__Records for this exercise__:
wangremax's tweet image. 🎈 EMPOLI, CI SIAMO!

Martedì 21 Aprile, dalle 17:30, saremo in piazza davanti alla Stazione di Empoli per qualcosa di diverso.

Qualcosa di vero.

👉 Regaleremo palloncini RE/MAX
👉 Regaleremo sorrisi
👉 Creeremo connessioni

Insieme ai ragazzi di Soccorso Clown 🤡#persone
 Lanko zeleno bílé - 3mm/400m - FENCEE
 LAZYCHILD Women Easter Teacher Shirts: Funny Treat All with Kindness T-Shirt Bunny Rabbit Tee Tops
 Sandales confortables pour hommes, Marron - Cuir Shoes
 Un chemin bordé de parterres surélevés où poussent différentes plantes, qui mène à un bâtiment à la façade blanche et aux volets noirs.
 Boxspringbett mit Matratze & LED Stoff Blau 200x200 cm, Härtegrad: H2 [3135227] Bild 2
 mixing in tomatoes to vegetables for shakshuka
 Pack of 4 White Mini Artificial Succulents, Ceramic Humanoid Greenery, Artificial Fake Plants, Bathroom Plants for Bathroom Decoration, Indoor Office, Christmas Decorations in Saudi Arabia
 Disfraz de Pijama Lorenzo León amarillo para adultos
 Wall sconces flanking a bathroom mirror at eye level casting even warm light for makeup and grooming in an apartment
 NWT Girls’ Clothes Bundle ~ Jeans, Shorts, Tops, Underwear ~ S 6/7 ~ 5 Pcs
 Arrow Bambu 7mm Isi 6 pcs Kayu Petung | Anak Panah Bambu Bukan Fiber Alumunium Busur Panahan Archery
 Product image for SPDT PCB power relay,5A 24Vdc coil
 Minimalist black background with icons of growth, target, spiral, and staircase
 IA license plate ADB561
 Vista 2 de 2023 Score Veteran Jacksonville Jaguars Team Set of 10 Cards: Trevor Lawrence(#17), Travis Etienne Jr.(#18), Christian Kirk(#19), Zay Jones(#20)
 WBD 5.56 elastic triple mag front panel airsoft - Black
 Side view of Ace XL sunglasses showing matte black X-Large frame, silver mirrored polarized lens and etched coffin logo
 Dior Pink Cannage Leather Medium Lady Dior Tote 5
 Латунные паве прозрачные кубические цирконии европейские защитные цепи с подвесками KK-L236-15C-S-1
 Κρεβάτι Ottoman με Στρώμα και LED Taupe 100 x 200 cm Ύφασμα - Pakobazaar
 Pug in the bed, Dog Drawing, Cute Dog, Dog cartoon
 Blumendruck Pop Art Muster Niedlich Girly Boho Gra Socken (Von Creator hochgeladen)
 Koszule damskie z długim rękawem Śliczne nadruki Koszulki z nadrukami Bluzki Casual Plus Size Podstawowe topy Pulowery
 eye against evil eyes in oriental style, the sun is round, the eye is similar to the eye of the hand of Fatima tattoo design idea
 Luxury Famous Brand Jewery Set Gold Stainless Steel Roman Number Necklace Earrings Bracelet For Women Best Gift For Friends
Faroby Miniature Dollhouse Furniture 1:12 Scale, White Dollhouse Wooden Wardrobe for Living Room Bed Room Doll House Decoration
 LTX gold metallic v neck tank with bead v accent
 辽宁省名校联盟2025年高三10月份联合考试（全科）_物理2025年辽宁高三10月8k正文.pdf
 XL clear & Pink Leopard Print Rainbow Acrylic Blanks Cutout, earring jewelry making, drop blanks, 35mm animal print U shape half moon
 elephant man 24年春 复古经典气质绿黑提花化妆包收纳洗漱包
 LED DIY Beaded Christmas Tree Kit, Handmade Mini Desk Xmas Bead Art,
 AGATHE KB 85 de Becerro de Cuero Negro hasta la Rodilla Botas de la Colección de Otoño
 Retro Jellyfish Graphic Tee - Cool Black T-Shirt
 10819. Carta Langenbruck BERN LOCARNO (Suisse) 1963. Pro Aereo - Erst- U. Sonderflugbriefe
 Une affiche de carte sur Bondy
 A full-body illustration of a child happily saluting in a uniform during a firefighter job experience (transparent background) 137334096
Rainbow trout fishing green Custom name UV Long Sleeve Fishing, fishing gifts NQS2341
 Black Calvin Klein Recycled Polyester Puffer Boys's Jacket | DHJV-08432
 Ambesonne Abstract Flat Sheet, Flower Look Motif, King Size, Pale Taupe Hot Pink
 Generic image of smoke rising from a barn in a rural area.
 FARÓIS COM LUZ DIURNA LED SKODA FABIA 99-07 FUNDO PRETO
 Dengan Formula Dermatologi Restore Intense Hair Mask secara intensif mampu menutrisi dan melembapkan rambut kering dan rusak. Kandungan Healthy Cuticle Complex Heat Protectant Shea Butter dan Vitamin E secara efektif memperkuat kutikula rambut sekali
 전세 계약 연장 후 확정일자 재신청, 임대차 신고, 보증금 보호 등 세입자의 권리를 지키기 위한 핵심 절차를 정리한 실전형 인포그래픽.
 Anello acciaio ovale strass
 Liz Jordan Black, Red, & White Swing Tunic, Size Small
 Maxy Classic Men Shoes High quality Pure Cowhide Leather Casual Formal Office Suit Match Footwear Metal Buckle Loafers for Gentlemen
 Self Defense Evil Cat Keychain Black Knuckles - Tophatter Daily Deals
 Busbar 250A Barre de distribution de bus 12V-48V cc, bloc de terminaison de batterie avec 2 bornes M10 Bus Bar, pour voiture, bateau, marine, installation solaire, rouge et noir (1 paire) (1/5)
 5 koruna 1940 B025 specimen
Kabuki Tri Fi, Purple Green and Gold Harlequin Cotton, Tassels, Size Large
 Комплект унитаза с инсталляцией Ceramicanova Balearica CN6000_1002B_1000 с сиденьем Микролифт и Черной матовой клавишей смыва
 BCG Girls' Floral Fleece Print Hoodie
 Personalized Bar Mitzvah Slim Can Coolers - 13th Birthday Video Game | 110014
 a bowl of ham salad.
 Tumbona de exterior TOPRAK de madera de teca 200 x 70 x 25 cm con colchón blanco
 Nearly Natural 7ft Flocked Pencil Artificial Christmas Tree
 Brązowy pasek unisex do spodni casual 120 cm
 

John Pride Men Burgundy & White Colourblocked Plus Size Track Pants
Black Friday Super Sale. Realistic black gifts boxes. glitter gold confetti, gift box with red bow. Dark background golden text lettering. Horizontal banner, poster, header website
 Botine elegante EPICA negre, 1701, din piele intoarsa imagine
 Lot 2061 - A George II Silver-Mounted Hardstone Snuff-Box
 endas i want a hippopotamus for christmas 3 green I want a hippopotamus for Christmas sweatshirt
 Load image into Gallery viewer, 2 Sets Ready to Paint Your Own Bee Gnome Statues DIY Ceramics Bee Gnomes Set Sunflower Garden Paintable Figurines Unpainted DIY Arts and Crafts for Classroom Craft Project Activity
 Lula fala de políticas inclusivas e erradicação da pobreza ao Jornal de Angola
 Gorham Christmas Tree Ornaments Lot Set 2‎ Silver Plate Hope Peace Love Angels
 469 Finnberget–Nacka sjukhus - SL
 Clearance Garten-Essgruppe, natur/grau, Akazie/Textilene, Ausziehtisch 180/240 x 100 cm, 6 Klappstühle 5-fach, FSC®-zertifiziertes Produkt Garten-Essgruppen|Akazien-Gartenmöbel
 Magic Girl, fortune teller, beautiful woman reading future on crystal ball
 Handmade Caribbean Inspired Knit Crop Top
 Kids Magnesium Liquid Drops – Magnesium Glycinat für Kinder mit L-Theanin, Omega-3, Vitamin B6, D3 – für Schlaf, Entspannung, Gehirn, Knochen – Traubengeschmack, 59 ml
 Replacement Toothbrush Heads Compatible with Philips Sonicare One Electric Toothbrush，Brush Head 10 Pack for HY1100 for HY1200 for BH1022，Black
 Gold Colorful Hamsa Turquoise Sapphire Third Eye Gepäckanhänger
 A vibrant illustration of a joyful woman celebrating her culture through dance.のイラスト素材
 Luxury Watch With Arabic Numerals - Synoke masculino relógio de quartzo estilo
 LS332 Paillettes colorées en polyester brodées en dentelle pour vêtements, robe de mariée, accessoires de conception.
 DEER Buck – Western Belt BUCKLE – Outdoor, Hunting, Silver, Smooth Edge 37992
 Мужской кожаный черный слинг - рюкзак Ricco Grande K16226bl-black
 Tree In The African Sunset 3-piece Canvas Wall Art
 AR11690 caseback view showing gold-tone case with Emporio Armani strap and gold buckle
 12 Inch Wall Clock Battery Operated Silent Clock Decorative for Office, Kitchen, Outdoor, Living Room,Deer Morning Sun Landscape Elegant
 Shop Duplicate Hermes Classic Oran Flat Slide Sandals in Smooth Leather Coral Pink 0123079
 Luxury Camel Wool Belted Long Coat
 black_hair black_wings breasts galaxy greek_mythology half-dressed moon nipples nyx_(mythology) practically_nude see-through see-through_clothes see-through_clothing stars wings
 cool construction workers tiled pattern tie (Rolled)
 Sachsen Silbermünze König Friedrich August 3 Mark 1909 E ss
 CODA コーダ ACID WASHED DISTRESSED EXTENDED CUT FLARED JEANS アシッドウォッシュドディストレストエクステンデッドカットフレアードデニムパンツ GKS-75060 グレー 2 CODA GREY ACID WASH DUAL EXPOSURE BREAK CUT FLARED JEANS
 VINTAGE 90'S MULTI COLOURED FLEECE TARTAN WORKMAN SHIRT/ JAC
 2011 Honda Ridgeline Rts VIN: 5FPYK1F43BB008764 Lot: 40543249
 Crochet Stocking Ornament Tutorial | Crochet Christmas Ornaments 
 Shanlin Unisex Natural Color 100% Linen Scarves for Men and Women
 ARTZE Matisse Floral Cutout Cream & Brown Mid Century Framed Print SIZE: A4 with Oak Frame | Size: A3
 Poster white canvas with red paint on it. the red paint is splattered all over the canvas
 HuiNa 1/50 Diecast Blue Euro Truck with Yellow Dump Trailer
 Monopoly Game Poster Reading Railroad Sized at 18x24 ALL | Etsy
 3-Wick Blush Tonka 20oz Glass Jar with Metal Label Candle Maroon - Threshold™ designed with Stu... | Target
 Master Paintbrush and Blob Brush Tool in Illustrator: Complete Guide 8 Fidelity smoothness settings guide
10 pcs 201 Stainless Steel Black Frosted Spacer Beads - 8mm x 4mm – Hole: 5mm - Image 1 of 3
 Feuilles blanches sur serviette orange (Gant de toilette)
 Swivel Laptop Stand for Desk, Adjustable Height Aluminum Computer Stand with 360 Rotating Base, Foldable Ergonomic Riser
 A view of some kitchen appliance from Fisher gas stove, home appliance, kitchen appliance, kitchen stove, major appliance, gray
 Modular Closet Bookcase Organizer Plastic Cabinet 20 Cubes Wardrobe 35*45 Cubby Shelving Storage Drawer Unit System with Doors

__Problem__:
The answer is the lines above between the line holding "Load image into" and the line holding "Handmade Caribbean Inspired Knit Crop Top", inclusive, each written out exactly, and no others.

__Exercise output__:
 Load image into Gallery viewer, 2 Sets Ready to Paint Your Own Bee Gnome Statues DIY Ceramics Bee Gnomes Set Sunflower Garden Paintable Figurines Unpainted DIY Arts and Crafts for Classroom Craft Project Activity
 Lula fala de políticas inclusivas e erradicação da pobreza ao Jornal de Angola
 Gorham Christmas Tree Ornaments Lot Set 2‎ Silver Plate Hope Peace Love Angels
 469 Finnberget–Nacka sjukhus - SL
 Clearance Garten-Essgruppe, natur/grau, Akazie/Textilene, Ausziehtisch 180/240 x 100 cm, 6 Klappstühle 5-fach, FSC®-zertifiziertes Produkt Garten-Essgruppen|Akazien-Gartenmöbel
 Magic Girl, fortune teller, beautiful woman reading future on crystal ball
 Handmade Caribbean Inspired Knit Crop Top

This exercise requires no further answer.